Another book that I wasn't totally crazy for. There were funny parts, of course, but it didn't really go anywhere; it just jumps around between various topics and it's not funny enough to succeed as a humor book alone. But... it was a quick read, so I'm not mad or anything.

178 days, 10 books, 3544 pages
pace = 20.5 books / year, 7267 pages / year

Hey, I pushed my pace back up over 20 books / year (better... but still not very good). Also, this is the 100th post in my 50 books challenge thread!

101colinflipper
Jul 3, 2011, 4:15 pm

11. McSweeney's 35, ed Dave Eggers

This was a solid McSweeney's issue.
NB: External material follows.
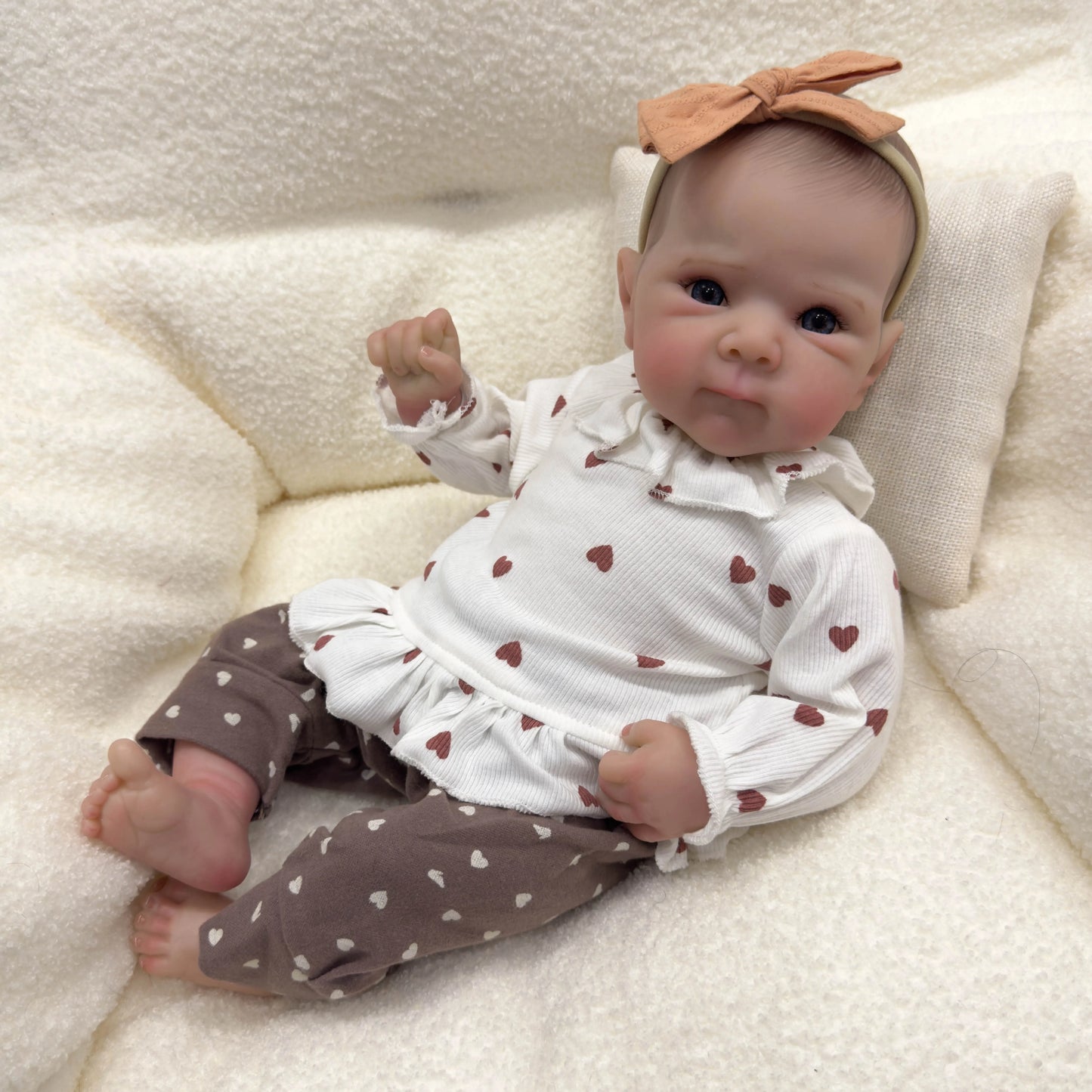 NPK 18inch Soft Body Reborn Baby Doll 100% handmade 3D Skin Bettie with Visbile Veins Collectible Art Doll Christmas Gift ShopOnlyDeal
The long story, 'His Sister, Her Monologue' by Hilton Als, sort-of went over my head, but Steven Millhauser's 'Phantoms' was good and creepy, the Roddy Doyle story was excellent as expected, and all of the contemporary Norwegian fiction (second half of the issue) was really interesting. It sort of confirmed my ideas about Norway --- the stories featured lots of wilderness and snow --- but that is not a complaint.

184 days, 11 books, 3838 pages
pace = 21.8 books / year, 7613 pages / year

102colinflipper
Jul 16, 2011, 2:59 pm

12. Sex on the Moon by Ben Mezrich

Maybe narrative non-fiction rubs me the wrong way or something, because I really did not like this book. It might have been more enjoyable if it was told from a neutral perspective (but honestly, not that much went on, so it would have just been a magazine article if you took out much of the protagonists backstory); as it was, I felt like I was forcibly taken for a ride by a stupid, naive kid who has no comprehension of the consequences of his actions. Well, maybe that means the writing was good, because that's pretty much what the story was about. Not recommended.
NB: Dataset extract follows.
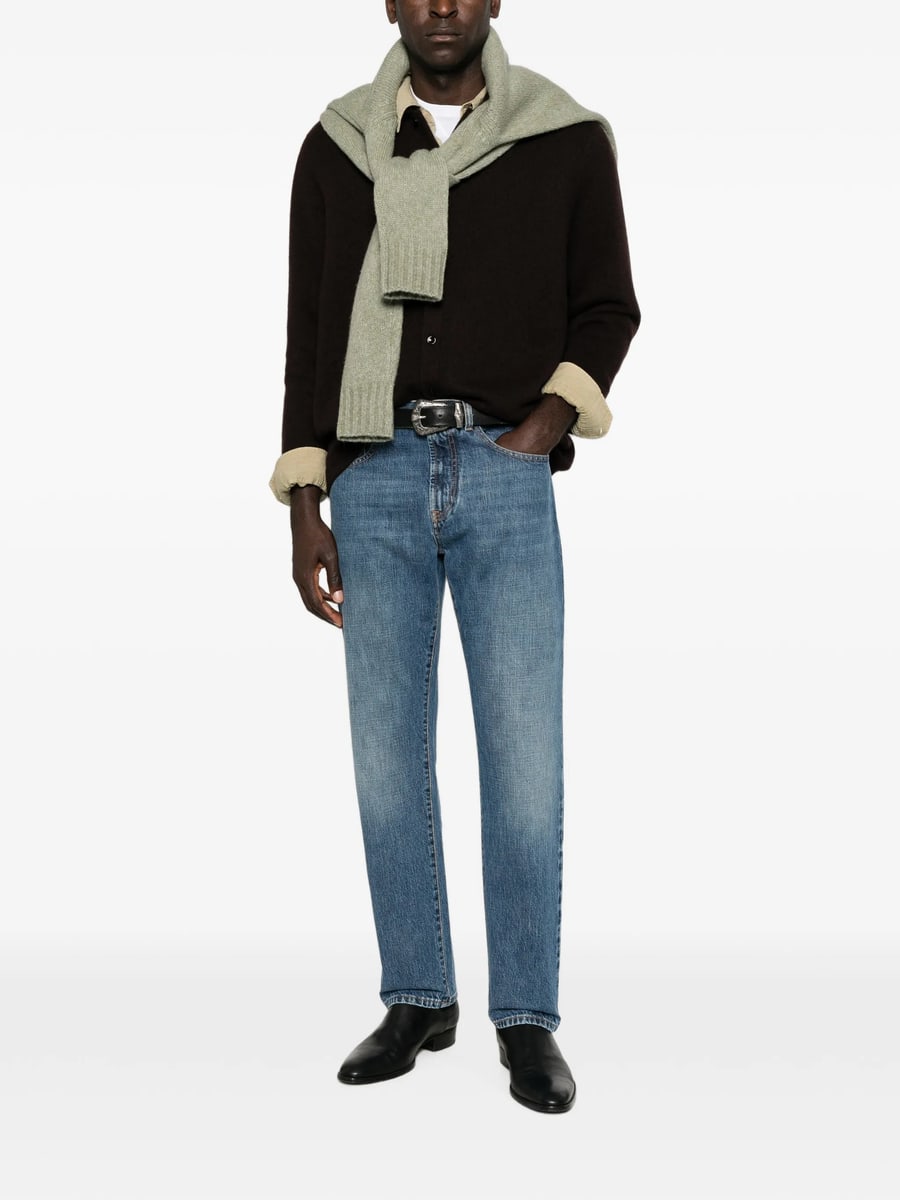 Umit Benan Umit Benan Kevin Faded Straight-leg Jeans, view 2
197 days, 12 books, 4146 pages
pace = 22.2 books / year, 7682 pages / year

103colinflipper
Jul 25, 2011, 10:54 pm

13. Anya's Ghost by Vera Brosgol

I'm in the middle of reading The Amazing Adventures of Kavalier and Clay, but I forgot to bring it with me on a quick weekend vacation. So instead I read Anya's Ghost, which was quick and fun with really crisp and evocative artwork, and two-thirds of A Canticle for Liebowitz. So I'm going to finish that up quickly and then get back to Kavalier and Clay.
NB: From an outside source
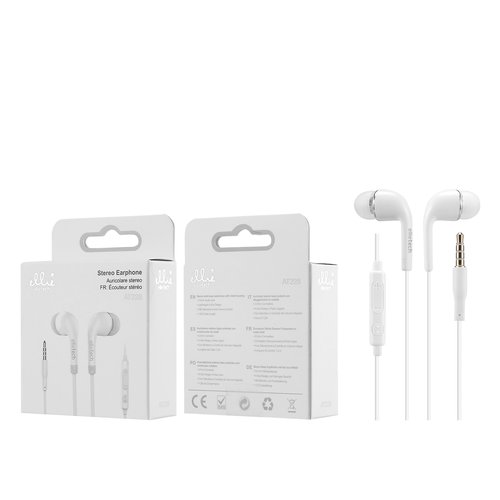 Ellietech AT228 Auriculares Jack 3.5mm In-ear con Cable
203 days, 13 books, 4370 pages
pace = 23.4 books / year, 7857 pages / year

104colinflipper
Jul 30, 2011, 5:35 pm

14. A Canticle For Leibowitz by Walter M. Miller, Jr

This was the other book that I started last weekend when I forgot to bring Kavalier and Clay. I am really glad that I found an old copy of A Canticle For Leibowitz lying around because it was a great read. I have been meaning to get into some more classic science fiction, inspired in part by the blogging the Hugos series on io9. A Canticle For Leibowitz reminded me a bit of the Foundation series, due to its really cerebral style of sci-fi. But, with apologies to Isaac Asimov, I think the writing here was much better.

211 days, 14 books, 4648 pages
pace = 24.2 books / year, 8040 pages / year

105colinflipper
Aug 15, 2011, 11:57 pm

15. The Amazing Adventures of Kavalier and Clay by Michael Chabon

It took me a while to finish, but this was really really good. I guess that's not surprising, considering that it won the Pulitzer and all. But if anyone asks me for a recommendation, I'll be pointing them to Kavalier and Clay. I also saw a book of Escapist comics (inspired by the novel) at a used book store. I think I'll have to check that out.

226 days, 15 books, 5287 pages
pace = 24.2 books / year, 8539 pages / year

106colinflipper
Sep 14, 2011, 8:19 am

16. A Dance With Dragons by George R. R. Martin

I finished last night, after about a month of reading. You can find reviews for the latest Song of Ice and Fire book anywhere, so I'll just reiterate that it was epic, entertaining, and harsh as usual.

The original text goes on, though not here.